▸ EXERCISE AIM
Find the line that contains "Community pool featuring"; please output it and each line after it, exactly as shown, up to the end of the entries below, skipping pictures.

Short text fragments from websites
═══

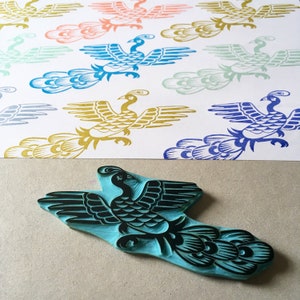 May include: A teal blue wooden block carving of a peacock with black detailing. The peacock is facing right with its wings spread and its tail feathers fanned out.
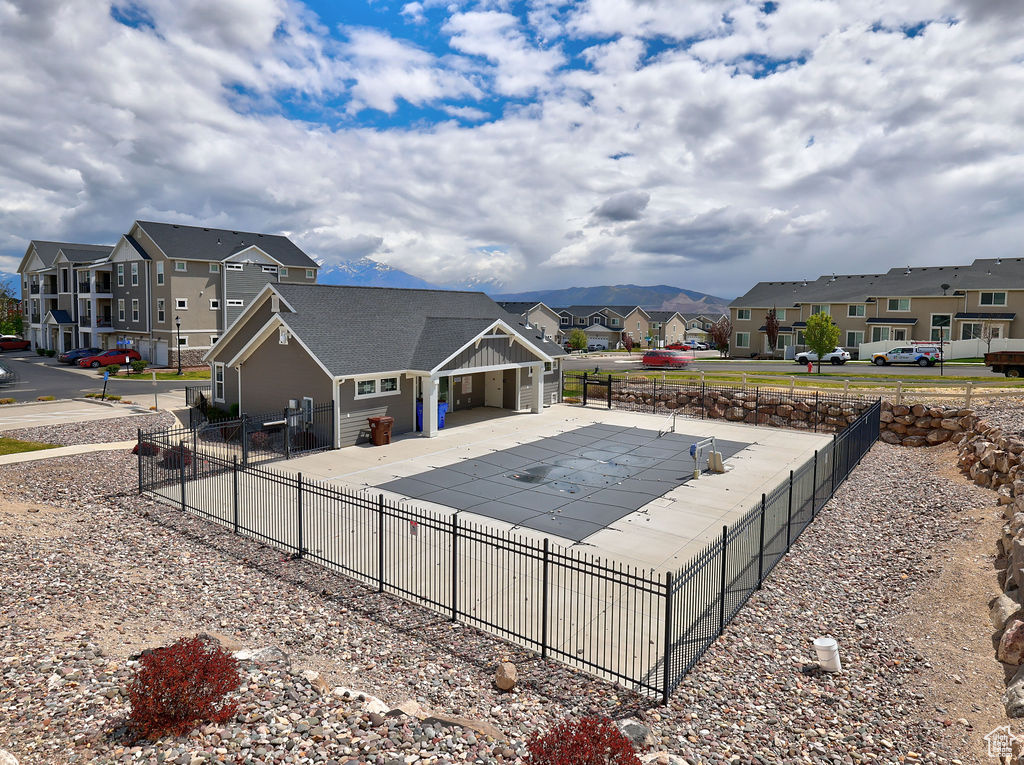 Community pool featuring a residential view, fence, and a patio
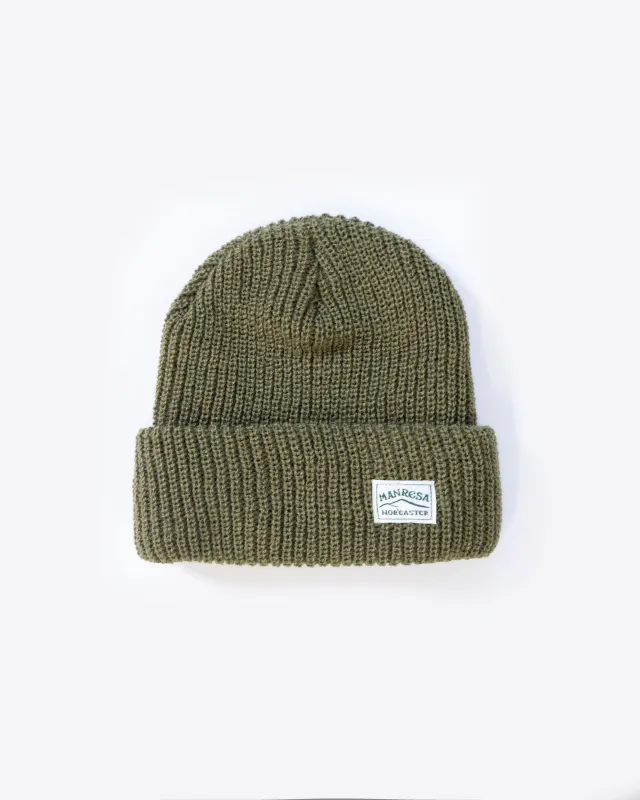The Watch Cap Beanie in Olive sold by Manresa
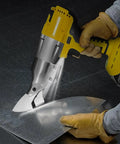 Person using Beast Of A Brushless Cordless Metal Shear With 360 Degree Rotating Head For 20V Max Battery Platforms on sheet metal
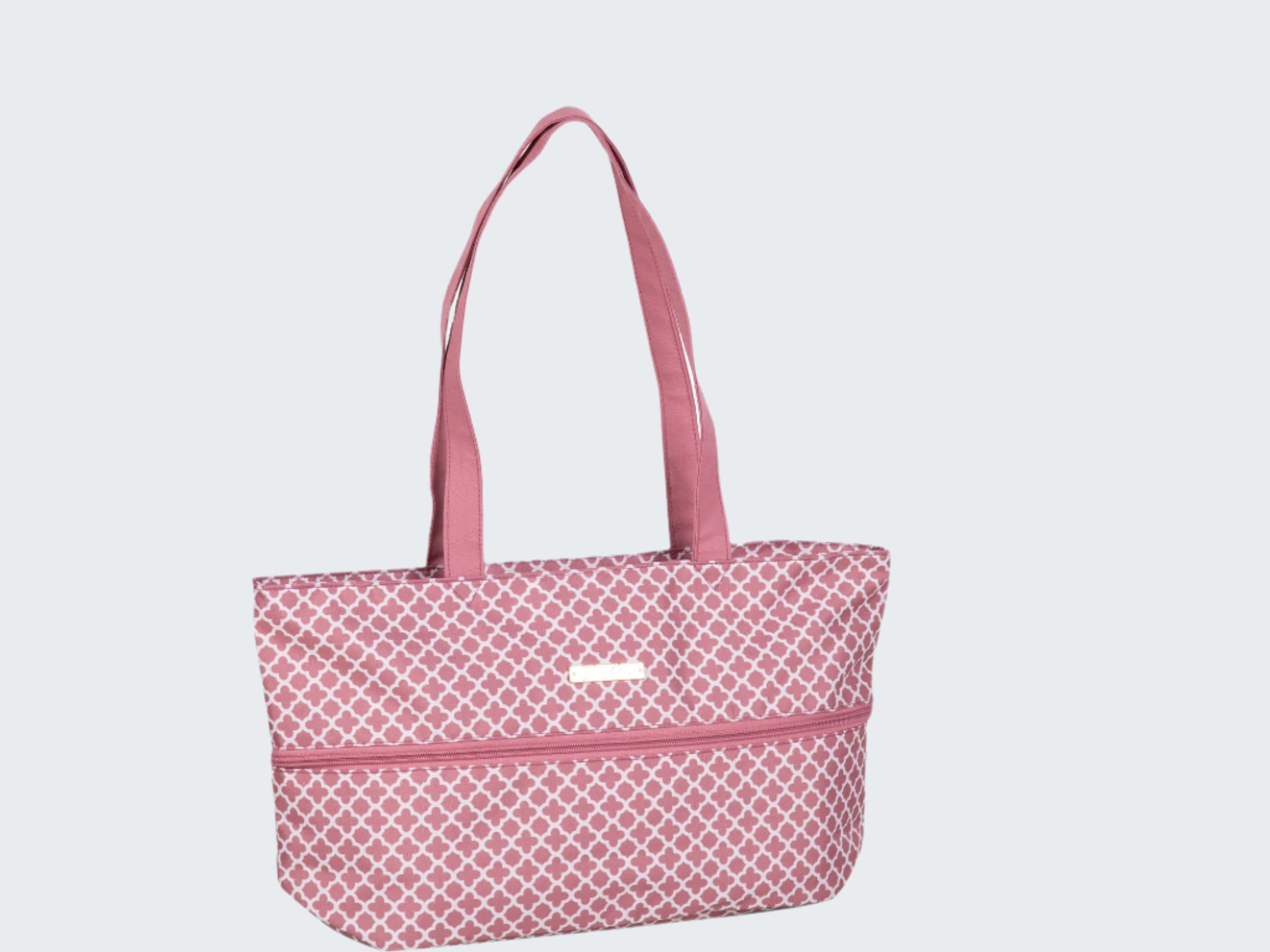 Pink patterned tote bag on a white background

═══

▸ FINISHED TASK
 Community pool featuring a residential view, fence, and a patio
The Watch Cap Beanie in Olive sold by Manresa
 Person using Beast Of A Brushless Cordless Metal Shear With 360 Degree Rotating Head For 20V Max Battery Platforms on sheet metal
 Pink patterned tote bag on a white background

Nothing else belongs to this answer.